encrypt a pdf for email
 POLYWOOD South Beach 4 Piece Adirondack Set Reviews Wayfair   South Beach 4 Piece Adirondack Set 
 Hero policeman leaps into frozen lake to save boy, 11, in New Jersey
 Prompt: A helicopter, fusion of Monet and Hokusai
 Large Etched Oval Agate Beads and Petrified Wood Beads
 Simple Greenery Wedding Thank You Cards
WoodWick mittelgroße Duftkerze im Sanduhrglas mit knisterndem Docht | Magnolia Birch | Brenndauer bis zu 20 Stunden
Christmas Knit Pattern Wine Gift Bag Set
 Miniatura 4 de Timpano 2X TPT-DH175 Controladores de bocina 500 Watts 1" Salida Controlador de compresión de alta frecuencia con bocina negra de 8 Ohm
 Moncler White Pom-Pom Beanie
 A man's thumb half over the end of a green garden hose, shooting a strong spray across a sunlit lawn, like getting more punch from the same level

^^^^^^^^^^^^^^^^

→ **WHAT THE TASK REQUIRES**: Begin at the first line of the records above and restate each line word for word, stopping after the line with "Prompt: A helicopter, fusion".

→ **SOLUTION FOR THIS EXERCISE**:
encrypt a pdf for email
 POLYWOOD South Beach 4 Piece Adirondack Set Reviews Wayfair   South Beach 4 Piece Adirondack Set 
 Hero policeman leaps into frozen lake to save boy, 11, in New Jersey
 Prompt: A helicopter, fusion of Monet and Hokusai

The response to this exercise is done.